Error Budgets

An error budget is the maximum amount of unreliability your service is allowed to have over a given time window. It is derived directly from your SLO: if your SLO is 99.9% availability over 30 days, your error budget is 0.1% — which translates to 43.2 minutes of allowed downtime. The error budget is not a target to hit. It is a budget to spend. And like any budget, how you spend it determines whether your organization thrives or burns out.

Error budgets are the single most important mechanism in SRE because they resolve the fundamental tension between development teams (who want to ship fast) and operations teams (who want stability). Without error budgets, this tension produces organizational conflict. With error budgets, it produces a data-driven conversation: "We have 28 minutes of budget remaining this month — should we spend it on this risky deployment or save it?"

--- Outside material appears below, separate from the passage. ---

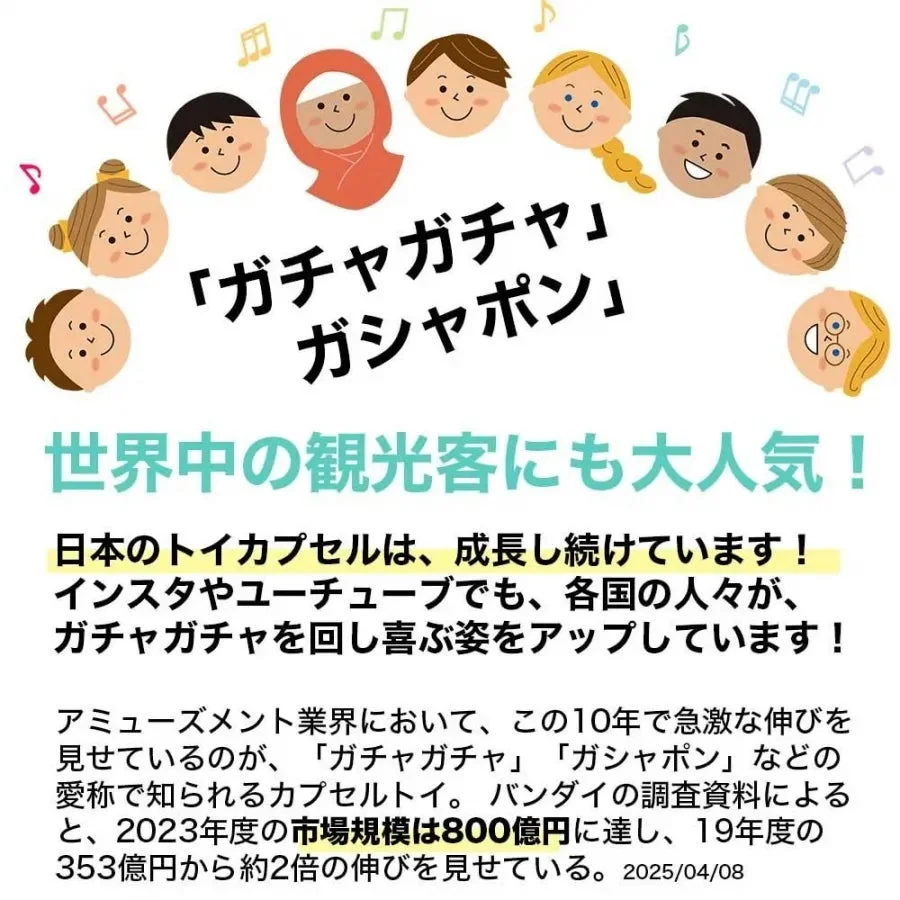 ガチャ市場の成長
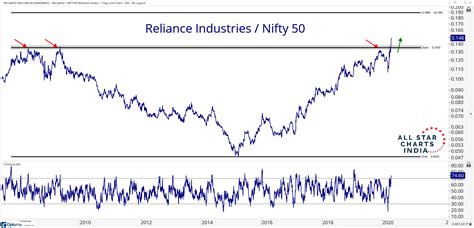 share price of reliance industries dividend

The Fundamental Calculation

From SLO to Error Budget

The error budget formula is straightforward:

Error Budget = 1 - SLO target

If SLO = 99.9% availability
Error Budget = 100% - 99.9% = 0.1%

Converting to real units over a 30-day window:

Total minutes in 30 days = 30 × 24 × 60 = 43,200 minutes

Error Budget (minutes) = 43,200 × 0.001 = 43.2 minutes

Error Budget by SLO Level

SLO Target	Error Budget (%)	Downtime / 30 days	Downtime / year
99%	1%	7.2 hours	3.65 days
99.5%	0.5%	3.6 hours	1.83 days
99.9%	0.1%	43.2 minutes	8.77 hours
99.95%	0.05%	21.6 minutes	4.38 hours
99.99%	0.01%	4.32 minutes	52.6 minutes
99.999%	0.001%	26 seconds	5.26 minutes

The Cost Curve is Exponential

Moving from 99.9% to 99.99% does not cost 10x more — it costs 100x or even 1000x more. Each additional nine requires exponentially more redundancy, automation, and engineering investment. Choose your SLO wisely.

Request-Based Error Budgets

For request-driven services, error budgets are often calculated in terms of allowed failed requests rather than downtime:

Total requests in 30 days: 10,000,000
SLO: 99.9% success rate
Error budget: 10,000,000 × 0.001 = 10,000 failed requests

This means you are allowed 10,000 failed requests over 30 days. Every failed request consumes part of your error budget, whether the failure was caused by a bug, a deployment, infrastructure, or a third-party dependency.

python

# Error budget calculation
def calculate_error_budget(
    total_requests: int,
    slo_target: float,  # e.g., 0.999 for 99.9%
    failed_requests: int
) -> dict:
    budget_total = total_requests * (1 - slo_target)
    budget_consumed = failed_requests
    budget_remaining = budget_total - budget_consumed
    budget_remaining_pct = (budget_remaining / budget_total) * 100

    return {
        "total_budget": budget_total,
        "consumed": budget_consumed,
        "remaining": budget_remaining,
        "remaining_pct": round(budget_remaining_pct, 2),
        "is_exhausted": budget_remaining <= 0,
    }

# Example
result = calculate_error_budget(
    total_requests=10_000_000,
    slo_target=0.999,
    failed_requests=7_500
)
# => {'total_budget': 10000, 'consumed': 7500, 'remaining': 2500,
#     'remaining_pct': 25.0, 'is_exhausted': False}

Burn Rate

What is Burn Rate?

Burn rate measures how fast you are consuming your error budget relative to the expected rate. A burn rate of 1.0 means you are consuming the budget exactly as fast as allowed — you will exhaust it precisely at the end of the SLO window. A burn rate of 2.0 means you are consuming it twice as fast and will exhaust it in half the time.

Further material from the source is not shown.